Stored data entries
+ + + + + + +

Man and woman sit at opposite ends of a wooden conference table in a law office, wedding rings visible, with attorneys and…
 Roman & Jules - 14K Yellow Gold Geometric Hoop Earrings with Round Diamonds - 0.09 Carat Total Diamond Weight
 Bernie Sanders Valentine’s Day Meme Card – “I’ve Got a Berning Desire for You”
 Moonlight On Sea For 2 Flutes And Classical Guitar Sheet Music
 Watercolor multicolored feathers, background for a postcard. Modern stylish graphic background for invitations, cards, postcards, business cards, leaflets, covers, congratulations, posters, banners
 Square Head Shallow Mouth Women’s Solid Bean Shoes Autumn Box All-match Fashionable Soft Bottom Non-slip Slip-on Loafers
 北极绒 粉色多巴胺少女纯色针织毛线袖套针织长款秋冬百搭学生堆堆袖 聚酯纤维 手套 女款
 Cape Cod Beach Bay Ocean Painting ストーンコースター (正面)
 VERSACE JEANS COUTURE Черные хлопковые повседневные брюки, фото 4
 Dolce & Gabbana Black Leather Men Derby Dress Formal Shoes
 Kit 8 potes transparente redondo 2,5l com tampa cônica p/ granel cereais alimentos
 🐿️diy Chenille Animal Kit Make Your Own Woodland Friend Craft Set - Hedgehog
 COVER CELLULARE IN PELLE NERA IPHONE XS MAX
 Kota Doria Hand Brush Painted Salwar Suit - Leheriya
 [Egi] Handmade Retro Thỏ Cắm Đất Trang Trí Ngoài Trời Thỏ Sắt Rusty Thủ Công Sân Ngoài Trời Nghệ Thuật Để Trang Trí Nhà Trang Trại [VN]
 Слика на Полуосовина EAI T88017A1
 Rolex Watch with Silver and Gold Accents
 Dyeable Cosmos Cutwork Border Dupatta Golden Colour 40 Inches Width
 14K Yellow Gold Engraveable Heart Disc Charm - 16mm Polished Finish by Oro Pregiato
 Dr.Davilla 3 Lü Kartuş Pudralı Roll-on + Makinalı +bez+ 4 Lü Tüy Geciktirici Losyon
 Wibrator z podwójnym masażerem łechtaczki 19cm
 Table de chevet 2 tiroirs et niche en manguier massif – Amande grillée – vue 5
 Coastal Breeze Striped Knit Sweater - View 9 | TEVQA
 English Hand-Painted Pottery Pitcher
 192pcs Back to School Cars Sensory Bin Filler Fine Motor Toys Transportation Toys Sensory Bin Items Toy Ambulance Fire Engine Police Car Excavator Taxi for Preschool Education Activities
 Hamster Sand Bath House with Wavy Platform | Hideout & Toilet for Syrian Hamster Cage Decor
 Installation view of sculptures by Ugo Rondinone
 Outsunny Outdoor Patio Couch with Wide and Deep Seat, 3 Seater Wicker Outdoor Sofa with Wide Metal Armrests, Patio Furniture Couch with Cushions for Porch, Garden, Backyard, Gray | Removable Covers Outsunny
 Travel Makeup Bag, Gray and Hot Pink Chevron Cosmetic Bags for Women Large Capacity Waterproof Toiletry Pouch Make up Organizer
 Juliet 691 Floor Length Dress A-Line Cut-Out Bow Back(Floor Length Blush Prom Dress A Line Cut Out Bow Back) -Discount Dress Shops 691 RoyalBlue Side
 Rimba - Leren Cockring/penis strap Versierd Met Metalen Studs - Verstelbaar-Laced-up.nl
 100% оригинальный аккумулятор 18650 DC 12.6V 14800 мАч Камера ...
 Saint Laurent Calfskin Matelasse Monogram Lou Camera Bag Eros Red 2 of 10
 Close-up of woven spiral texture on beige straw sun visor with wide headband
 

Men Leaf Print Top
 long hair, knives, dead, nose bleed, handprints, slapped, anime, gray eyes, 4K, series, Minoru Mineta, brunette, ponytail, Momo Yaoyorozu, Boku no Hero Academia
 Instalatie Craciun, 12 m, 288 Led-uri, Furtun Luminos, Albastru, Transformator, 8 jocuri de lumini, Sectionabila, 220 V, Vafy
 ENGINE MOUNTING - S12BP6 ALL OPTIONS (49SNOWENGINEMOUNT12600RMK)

+ + + + + + +

▶ _Task goal_
Faithfully copy every entry, leaving nothing out.

▶ _Output for this exercise_
Man and woman sit at opposite ends of a wooden conference table in a law office, wedding rings visible, with attorneys and…
 Roman & Jules - 14K Yellow Gold Geometric Hoop Earrings with Round Diamonds - 0.09 Carat Total Diamond Weight
 Bernie Sanders Valentine’s Day Meme Card – “I’ve Got a Berning Desire for You”
 Moonlight On Sea For 2 Flutes And Classical Guitar Sheet Music
 Watercolor multicolored feathers, background for a postcard. Modern stylish graphic background for invitations, cards, postcards, business cards, leaflets, covers, congratulations, posters, banners
 Square Head Shallow Mouth Women’s Solid Bean Shoes Autumn Box All-match Fashionable Soft Bottom Non-slip Slip-on Loafers
 北极绒 粉色多巴胺少女纯色针织毛线袖套针织长款秋冬百搭学生堆堆袖 聚酯纤维 手套 女款
 Cape Cod Beach Bay Ocean Painting ストーンコースター (正面)
 VERSACE JEANS COUTURE Черные хлопковые повседневные брюки, фото 4
 Dolce & Gabbana Black Leather Men Derby Dress Formal Shoes
 Kit 8 potes transparente redondo 2,5l com tampa cônica p/ granel cereais alimentos
 🐿️diy Chenille Animal Kit Make Your Own Woodland Friend Craft Set - Hedgehog
 COVER CELLULARE IN PELLE NERA IPHONE XS MAX
 Kota Doria Hand Brush Painted Salwar Suit - Leheriya
 [Egi] Handmade Retro Thỏ Cắm Đất Trang Trí Ngoài Trời Thỏ Sắt Rusty Thủ Công Sân Ngoài Trời Nghệ Thuật Để Trang Trí Nhà Trang Trại [VN]
 Слика на Полуосовина EAI T88017A1
 Rolex Watch with Silver and Gold Accents
 Dyeable Cosmos Cutwork Border Dupatta Golden Colour 40 Inches Width
 14K Yellow Gold Engraveable Heart Disc Charm - 16mm Polished Finish by Oro Pregiato
 Dr.Davilla 3 Lü Kartuş Pudralı Roll-on + Makinalı +bez+ 4 Lü Tüy Geciktirici Losyon
 Wibrator z podwójnym masażerem łechtaczki 19cm
 Table de chevet 2 tiroirs et niche en manguier massif – Amande grillée – vue 5
 Coastal Breeze Striped Knit Sweater - View 9 | TEVQA
 English Hand-Painted Pottery Pitcher
 192pcs Back to School Cars Sensory Bin Filler Fine Motor Toys Transportation Toys Sensory Bin Items Toy Ambulance Fire Engine Police Car Excavator Taxi for Preschool Education Activities
 Hamster Sand Bath House with Wavy Platform | Hideout & Toilet for Syrian Hamster Cage Decor
 Installation view of sculptures by Ugo Rondinone
 Outsunny Outdoor Patio Couch with Wide and Deep Seat, 3 Seater Wicker Outdoor Sofa with Wide Metal Armrests, Patio Furniture Couch with Cushions for Porch, Garden, Backyard, Gray | Removable Covers Outsunny
 Travel Makeup Bag, Gray and Hot Pink Chevron Cosmetic Bags for Women Large Capacity Waterproof Toiletry Pouch Make up Organizer
 Juliet 691 Floor Length Dress A-Line Cut-Out Bow Back(Floor Length Blush Prom Dress A Line Cut Out Bow Back) -Discount Dress Shops 691 RoyalBlue Side
 Rimba - Leren Cockring/penis strap Versierd Met Metalen Studs - Verstelbaar-Laced-up.nl
 100% оригинальный аккумулятор 18650 DC 12.6V 14800 мАч Камера ...
 Saint Laurent Calfskin Matelasse Monogram Lou Camera Bag Eros Red 2 of 10
 Close-up of woven spiral texture on beige straw sun visor with wide headband
 

Men Leaf Print Top
 long hair, knives, dead, nose bleed, handprints, slapped, anime, gray eyes, 4K, series, Minoru Mineta, brunette, ponytail, Momo Yaoyorozu, Boku no Hero Academia
 Instalatie Craciun, 12 m, 288 Led-uri, Furtun Luminos, Albastru, Transformator, 8 jocuri de lumini, Sectionabila, 220 V, Vafy
 ENGINE MOUNTING - S12BP6 ALL OPTIONS (49SNOWENGINEMOUNT12600RMK)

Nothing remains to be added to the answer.